Les jeunes gens désirent toujours essayer de nouvelles choses et fournissent une richesse d'idées, observe le père Parent. Et en plus de cela, la formation fournie à ces jeunes gens, comme Chen Ming-fang (pron. Tchenn Ming-fang), un artiste de 19 ans d'une capacité naturelle exceptionnelle dans l'illustration, est inestimable pour le personnel de l'industrie de la conception et production montante des médias de Taïwan. Kuangchi encourage ces activités en fournissant des installations de formation aux étudiants en art de la communication qui proviennent de diverses écoles et universités locales et en leur dispensant des séminaires pendant les vacances d'hiver et d'été. Dernièrement, des étudiants étrangers ont aussi été invité à participer à ces cours de programmation et production de six semaines.
Contrôle et sélection des programmes visuels par les spécialistes de Kuangchi.
Ce que le personnel a fait est exceptionnellement bien. Son documentaire Au-delà de la déchirure lui a apporté une satisfaction particulière. L'omniprésent père Martinson, alias Ding Chen-fou à Taïwan, a transporté les spectateurs de l'angoisse pour des gens vivant au bord de l'intolérable à la foi vivante qui résonne dans les chants des Catholiques indochinois et des bonzes bouddhistes tout d'ocre vêtus. Souffrant l'ennui d'une attente sans fin et d'une totale soumission, les réfugiés participent involontairement à un drame qui n'a pas changé de décors depuis presque dix ans - un drame menacé d'être relégué dans l'obscurité en vertu de son endurance.
« Il y a une limite au nombre de notes que peut recevoir avec plaisir une oreille humaine », s'écria un monarque autrichien après le spectacle d'un opéra de Mozart. De même, les producteurs de Kuangchi marchent sur une voie étroite entre l'afflux ou le désintéressement du public pour ce problème des réfugiés. Il leur faut éviter de fatiguer par la pitié.

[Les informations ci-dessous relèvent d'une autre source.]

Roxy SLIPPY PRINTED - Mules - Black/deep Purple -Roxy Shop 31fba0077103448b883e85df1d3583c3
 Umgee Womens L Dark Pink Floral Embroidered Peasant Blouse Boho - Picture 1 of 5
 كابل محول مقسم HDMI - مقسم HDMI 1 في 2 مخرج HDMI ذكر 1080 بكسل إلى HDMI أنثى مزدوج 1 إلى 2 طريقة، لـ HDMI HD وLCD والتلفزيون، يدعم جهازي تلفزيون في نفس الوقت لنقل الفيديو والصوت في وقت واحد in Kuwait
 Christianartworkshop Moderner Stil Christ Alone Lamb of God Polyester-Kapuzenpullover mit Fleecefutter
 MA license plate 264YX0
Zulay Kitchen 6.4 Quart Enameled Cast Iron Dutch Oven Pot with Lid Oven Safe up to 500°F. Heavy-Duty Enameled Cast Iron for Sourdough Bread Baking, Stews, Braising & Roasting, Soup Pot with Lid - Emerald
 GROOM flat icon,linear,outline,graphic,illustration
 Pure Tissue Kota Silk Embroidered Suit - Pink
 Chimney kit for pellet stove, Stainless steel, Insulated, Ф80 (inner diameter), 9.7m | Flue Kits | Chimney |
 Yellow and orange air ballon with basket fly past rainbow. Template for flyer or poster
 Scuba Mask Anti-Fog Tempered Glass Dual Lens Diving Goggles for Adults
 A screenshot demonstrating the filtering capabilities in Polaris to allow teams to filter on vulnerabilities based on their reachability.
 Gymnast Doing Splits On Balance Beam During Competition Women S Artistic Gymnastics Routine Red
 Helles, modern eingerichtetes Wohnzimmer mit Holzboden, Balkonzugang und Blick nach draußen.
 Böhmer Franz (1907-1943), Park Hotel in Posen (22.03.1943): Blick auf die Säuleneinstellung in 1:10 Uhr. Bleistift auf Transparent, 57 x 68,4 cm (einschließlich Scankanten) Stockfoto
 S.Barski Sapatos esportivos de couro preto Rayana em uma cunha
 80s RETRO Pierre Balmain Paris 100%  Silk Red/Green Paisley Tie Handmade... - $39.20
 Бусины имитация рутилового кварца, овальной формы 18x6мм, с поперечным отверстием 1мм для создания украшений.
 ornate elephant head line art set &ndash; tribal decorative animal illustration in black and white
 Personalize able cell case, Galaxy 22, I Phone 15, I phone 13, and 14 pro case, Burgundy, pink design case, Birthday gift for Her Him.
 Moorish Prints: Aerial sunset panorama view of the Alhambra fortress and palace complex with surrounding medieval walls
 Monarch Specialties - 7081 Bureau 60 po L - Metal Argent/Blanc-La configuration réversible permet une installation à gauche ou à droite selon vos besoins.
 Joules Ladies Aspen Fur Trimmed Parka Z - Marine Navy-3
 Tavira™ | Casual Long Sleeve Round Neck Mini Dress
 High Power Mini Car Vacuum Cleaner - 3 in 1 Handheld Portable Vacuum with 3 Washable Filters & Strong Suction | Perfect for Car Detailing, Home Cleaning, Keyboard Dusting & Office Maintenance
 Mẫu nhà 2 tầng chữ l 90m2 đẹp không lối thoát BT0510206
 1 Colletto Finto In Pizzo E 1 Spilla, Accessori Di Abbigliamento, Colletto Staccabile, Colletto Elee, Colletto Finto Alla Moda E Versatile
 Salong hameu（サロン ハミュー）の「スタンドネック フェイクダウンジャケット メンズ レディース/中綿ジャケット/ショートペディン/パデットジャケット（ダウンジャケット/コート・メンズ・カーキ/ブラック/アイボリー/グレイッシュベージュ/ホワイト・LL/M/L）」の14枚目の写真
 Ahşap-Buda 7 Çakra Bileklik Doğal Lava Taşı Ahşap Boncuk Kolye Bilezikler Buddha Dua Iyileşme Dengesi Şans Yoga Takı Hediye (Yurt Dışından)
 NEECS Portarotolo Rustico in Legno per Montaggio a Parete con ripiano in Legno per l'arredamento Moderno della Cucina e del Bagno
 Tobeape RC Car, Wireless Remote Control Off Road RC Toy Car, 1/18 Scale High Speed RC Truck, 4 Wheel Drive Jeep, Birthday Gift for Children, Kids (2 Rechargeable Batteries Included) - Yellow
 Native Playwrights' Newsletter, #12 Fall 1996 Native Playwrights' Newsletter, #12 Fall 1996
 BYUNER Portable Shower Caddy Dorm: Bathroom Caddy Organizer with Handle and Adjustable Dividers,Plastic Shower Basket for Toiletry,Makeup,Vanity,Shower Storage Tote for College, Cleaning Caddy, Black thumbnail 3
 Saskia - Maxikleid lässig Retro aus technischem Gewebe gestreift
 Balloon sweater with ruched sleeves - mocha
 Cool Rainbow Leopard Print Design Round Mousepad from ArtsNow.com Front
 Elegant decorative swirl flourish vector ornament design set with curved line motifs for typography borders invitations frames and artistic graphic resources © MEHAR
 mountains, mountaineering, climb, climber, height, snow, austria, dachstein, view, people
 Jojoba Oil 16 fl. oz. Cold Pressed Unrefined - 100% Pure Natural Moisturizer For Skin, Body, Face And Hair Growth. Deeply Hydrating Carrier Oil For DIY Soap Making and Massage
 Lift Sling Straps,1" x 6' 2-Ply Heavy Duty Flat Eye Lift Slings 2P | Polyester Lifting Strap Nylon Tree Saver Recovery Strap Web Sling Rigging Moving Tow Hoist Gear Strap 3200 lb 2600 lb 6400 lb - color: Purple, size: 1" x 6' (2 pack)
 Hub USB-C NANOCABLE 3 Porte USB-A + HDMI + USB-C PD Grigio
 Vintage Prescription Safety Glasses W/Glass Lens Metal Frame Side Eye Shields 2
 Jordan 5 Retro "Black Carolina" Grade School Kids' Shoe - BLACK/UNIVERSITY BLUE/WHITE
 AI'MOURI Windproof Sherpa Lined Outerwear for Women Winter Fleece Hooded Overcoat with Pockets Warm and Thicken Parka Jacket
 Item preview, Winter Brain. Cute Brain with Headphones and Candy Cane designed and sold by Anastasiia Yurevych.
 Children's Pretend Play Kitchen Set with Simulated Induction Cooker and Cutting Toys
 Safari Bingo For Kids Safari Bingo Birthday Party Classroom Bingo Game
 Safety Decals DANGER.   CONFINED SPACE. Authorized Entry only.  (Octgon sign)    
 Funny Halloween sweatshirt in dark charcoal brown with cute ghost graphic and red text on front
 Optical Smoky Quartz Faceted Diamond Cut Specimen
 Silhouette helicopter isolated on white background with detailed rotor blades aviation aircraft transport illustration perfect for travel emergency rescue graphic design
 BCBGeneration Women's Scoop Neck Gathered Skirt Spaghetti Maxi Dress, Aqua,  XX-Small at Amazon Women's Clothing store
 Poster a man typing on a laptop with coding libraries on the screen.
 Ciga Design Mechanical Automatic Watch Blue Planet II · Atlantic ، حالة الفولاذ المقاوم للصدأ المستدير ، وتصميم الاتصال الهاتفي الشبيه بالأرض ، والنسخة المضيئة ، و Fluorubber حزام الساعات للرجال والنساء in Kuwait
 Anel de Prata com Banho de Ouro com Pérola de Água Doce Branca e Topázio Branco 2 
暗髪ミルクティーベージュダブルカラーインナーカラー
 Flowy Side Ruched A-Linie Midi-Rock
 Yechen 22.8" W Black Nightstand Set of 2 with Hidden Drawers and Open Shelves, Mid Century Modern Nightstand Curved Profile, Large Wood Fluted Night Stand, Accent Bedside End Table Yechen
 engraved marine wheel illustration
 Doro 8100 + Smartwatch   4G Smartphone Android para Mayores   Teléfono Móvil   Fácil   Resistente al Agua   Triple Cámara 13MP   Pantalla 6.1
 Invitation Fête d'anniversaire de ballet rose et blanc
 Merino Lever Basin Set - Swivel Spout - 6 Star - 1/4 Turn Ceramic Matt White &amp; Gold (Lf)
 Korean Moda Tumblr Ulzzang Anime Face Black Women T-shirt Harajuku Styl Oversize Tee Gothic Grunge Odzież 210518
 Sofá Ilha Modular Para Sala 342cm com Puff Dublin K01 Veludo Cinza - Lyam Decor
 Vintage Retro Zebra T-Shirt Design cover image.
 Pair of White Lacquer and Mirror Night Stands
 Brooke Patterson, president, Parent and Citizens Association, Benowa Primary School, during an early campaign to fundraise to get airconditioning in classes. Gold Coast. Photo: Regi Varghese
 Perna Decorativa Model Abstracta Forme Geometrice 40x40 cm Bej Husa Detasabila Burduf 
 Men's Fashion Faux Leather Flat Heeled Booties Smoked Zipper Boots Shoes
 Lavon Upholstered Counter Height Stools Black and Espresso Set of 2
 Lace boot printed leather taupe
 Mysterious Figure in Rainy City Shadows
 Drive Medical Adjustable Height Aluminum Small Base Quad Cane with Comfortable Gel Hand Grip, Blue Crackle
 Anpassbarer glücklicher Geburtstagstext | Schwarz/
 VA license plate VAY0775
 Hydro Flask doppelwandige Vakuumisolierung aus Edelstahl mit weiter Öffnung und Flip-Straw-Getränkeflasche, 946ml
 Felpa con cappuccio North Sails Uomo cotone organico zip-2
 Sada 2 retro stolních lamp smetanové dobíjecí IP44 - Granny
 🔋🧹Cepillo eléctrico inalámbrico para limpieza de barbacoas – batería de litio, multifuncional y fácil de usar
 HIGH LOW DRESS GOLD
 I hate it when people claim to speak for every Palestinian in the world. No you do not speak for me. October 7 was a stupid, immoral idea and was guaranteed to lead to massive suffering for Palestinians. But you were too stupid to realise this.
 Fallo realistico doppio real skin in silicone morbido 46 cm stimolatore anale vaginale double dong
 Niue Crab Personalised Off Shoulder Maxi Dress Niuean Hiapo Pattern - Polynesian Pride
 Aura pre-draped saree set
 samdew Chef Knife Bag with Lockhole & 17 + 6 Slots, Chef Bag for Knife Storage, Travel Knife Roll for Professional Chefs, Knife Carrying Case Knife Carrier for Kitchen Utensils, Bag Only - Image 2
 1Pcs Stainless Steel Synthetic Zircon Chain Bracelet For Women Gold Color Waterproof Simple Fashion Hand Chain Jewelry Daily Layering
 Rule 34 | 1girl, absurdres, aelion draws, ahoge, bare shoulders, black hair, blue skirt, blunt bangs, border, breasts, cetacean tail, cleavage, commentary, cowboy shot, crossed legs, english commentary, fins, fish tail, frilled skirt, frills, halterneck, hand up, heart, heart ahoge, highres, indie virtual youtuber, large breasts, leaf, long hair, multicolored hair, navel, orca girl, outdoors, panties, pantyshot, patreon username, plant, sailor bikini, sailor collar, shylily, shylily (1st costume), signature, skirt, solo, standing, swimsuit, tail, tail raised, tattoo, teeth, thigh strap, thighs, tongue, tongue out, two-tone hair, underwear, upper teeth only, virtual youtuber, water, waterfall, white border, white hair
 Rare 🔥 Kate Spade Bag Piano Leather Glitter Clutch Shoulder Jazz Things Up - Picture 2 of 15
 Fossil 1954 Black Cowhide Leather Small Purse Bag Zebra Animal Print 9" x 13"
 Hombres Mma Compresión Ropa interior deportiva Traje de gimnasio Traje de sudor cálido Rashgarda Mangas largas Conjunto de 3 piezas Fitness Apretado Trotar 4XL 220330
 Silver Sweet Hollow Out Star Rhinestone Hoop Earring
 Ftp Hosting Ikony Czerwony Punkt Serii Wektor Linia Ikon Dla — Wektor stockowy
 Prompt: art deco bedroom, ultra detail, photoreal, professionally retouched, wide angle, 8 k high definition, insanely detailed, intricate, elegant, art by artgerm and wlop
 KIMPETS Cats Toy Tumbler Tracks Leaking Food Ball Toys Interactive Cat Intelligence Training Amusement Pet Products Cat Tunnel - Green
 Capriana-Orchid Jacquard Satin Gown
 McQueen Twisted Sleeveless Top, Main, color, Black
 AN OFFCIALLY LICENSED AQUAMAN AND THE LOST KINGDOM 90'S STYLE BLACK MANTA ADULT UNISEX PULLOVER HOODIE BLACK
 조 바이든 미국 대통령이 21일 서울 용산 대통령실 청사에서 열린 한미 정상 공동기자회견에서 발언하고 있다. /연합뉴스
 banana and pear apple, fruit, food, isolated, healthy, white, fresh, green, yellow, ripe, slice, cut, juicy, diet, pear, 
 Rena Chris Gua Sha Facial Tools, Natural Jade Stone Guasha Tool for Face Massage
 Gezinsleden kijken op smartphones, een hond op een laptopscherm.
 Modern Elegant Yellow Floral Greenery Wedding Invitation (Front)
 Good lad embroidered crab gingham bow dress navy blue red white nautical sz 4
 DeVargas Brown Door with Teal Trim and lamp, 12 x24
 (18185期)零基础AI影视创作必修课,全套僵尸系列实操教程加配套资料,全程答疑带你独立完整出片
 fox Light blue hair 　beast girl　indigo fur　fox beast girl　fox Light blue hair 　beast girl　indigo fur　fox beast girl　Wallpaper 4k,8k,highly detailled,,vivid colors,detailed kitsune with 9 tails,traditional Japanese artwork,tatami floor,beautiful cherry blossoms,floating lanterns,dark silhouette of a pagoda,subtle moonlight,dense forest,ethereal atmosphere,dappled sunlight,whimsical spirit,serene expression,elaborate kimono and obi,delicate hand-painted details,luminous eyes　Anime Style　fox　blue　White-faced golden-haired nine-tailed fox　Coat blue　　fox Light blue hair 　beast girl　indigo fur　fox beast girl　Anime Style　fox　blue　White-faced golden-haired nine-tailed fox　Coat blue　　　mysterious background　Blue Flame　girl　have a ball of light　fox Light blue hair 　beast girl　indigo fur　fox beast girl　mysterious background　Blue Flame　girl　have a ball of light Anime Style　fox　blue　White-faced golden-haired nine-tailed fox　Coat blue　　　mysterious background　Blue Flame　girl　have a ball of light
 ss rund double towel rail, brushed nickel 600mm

« Nous ne voulons pas que ces problèmes disparaissent peu à peu de la conscience générale, car l'intérêt du public est le seul moyen de presser les chefs politiques à trouver une solution. Le problème des réfugiés cambodgiens a reçu une attention particulière de la part des médias depuis le milieu des années 70 et n'a toujours pas de solution sous la main », dit un producteur de Kuangchi.
Le documentaire fut sonorisé en cinq versions différentes pour une distribution internationale. L'an dernier, film le plus largement distribué, il a reçu deux prix du Cheval d'Or (l'équivalent à Taïwan de d'or du Festival de Cannes) pour le Meilleur Documentaire et pour de documentaire. Mais les effectifs de Kuangchi ont trouvé plus grande satisfaction dans les fruits de la présentation de ce programme à cinq épisodes sur le réseau de la chaîne de Télévision de Chine (Houa-che). Les téléspectateurs ont contribué pour plus de 500 000 dollars américains à l'aide aux réfugiés. Ces fonds ont été depuis employés pour nourrir, loger et, dans certains cas, réinstaller des réfugiés à Taïwan. Le personnel de Kuangchi s'accorde tout à fait que Paul Siu (Siu Kouang-k'i) serait fier de la conscience éthique de ses compatriotes.
* Le titre du film dont ce documentaire s'inspire est La déchirure (en anglais The killillg fields) avec Haing Ngor dans le rôle de Dith Pran qui s'échappa de l'enfer rouge où deux à trois millions de Cambodgiens ont péri sous la violence du régime des Khmers rouges.